# Scraping Telraam Data

Inspired by the Datathon in 2020 (https://lstat.kuleuven.be/Datathon2020/data) and the results of our NLP notebook, we chose to scrape some extra traffic data from Telraam. A telraam device counts the number of pedestrians, cyclists, and vehicles passing by the sensor. This traffic data could be a valuable addition to the noise and weather data, since the noise sources are often humans or vehicles. The locations of the Telraam monitors were found on the Telraam map (https://www.telraam.net/en#15/50.8748/4.7005). In the neighbourhood of Naamsestraat, there are 3 Telraam monitors that measure traffic passing by some locations in our noise dataset. However, the monitors tracked traffic for different periods in 2022 (or none).
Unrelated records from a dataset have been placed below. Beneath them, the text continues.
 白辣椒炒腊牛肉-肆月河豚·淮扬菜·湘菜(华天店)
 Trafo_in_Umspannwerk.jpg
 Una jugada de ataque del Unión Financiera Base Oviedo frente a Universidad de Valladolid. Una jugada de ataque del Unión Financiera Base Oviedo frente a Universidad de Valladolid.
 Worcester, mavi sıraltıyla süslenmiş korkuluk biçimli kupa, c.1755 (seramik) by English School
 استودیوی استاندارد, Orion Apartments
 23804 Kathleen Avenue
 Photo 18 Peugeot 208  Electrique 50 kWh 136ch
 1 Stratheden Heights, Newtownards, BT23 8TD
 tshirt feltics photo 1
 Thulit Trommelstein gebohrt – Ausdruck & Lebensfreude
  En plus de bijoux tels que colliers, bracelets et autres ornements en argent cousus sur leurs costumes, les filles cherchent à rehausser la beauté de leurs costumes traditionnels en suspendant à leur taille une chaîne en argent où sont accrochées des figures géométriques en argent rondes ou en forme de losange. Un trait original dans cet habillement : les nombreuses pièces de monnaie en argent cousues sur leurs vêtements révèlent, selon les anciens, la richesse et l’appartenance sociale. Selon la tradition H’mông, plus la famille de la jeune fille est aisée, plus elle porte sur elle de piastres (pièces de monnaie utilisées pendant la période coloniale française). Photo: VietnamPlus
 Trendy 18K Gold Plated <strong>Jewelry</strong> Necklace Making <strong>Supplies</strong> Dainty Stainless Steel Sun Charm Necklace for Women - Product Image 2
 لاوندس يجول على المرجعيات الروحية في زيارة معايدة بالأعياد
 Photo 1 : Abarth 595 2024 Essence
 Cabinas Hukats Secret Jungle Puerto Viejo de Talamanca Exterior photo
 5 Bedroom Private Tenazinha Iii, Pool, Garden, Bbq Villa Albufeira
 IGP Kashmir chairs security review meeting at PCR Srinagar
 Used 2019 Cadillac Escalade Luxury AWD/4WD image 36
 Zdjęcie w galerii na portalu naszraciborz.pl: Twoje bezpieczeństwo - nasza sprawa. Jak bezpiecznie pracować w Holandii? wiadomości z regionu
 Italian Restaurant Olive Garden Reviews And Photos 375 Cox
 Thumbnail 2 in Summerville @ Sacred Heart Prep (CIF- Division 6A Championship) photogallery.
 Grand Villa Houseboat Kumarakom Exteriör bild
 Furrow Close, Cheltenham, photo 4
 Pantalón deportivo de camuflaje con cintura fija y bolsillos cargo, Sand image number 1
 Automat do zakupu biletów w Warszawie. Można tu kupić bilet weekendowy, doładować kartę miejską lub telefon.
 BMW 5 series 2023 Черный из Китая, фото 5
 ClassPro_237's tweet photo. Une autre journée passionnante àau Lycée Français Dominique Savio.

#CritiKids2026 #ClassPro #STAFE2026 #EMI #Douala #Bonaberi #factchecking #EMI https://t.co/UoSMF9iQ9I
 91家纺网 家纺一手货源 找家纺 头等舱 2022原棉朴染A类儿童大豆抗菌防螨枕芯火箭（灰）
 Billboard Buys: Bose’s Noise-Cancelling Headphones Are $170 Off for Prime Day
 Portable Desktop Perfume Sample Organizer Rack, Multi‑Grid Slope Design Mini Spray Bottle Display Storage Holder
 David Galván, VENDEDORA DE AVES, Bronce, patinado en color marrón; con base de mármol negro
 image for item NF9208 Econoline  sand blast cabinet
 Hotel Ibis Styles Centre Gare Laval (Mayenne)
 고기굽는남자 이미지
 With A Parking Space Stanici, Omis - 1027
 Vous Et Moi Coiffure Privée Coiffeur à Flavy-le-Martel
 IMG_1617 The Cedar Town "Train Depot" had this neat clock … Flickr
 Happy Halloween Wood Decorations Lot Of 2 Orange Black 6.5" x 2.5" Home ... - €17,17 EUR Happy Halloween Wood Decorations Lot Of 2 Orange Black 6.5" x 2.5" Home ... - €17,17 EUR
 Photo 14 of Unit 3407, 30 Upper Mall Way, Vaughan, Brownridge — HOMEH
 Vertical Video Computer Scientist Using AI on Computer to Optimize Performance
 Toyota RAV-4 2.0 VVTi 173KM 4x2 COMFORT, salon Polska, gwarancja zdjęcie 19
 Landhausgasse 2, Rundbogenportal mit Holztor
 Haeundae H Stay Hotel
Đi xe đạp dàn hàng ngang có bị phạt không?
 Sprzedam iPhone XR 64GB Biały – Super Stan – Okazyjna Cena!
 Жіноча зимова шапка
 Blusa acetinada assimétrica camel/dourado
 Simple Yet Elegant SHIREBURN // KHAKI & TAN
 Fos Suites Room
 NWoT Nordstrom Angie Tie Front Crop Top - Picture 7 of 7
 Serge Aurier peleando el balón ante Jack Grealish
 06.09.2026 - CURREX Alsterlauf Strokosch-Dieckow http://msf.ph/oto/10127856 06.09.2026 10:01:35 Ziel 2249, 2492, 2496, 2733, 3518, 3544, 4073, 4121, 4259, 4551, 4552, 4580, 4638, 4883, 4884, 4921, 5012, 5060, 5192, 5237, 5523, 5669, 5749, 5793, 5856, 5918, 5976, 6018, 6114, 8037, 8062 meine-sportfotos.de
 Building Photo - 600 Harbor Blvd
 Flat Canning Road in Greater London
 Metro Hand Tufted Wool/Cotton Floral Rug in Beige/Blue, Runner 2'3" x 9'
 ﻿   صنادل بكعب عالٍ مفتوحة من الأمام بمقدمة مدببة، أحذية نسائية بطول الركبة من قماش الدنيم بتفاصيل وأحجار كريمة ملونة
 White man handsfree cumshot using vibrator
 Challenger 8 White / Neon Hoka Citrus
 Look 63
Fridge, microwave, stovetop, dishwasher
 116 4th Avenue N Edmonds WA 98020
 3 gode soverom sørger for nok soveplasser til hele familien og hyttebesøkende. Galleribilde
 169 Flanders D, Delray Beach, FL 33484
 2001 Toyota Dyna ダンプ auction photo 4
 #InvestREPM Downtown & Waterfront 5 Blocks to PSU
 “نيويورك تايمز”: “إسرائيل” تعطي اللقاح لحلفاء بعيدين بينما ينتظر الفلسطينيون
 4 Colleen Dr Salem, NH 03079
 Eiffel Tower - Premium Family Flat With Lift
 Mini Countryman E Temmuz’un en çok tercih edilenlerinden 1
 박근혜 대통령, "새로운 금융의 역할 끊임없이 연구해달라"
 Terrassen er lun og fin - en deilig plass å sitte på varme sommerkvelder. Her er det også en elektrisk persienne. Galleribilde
- The first Telraam on Naamsestraat tracked traffic data passing Naamsestraat 81 and Parkstraat 2 (La Filosofia), but no period in 2022. (https://www.telraam.net/en/location/351160)
- The second Telraam on Naamsestraat monitors traffic passing by the Calvariekapel and His&Hears, for the period of 01-01-2022 until 29-09-2022. (https://www.telraam.net/en/location/347295)
- The third Telraam on Naamsestraat measures traffic data close to (not passing) Naamsestraat 62 (Taste), for the period 01-01-2022 until 07-10-2022. (https://www.telraam.net/en/location/9000000637)

Based on the location and the period of monitoring the traffic, we chose to only scrape the data of the second (segment 347295). 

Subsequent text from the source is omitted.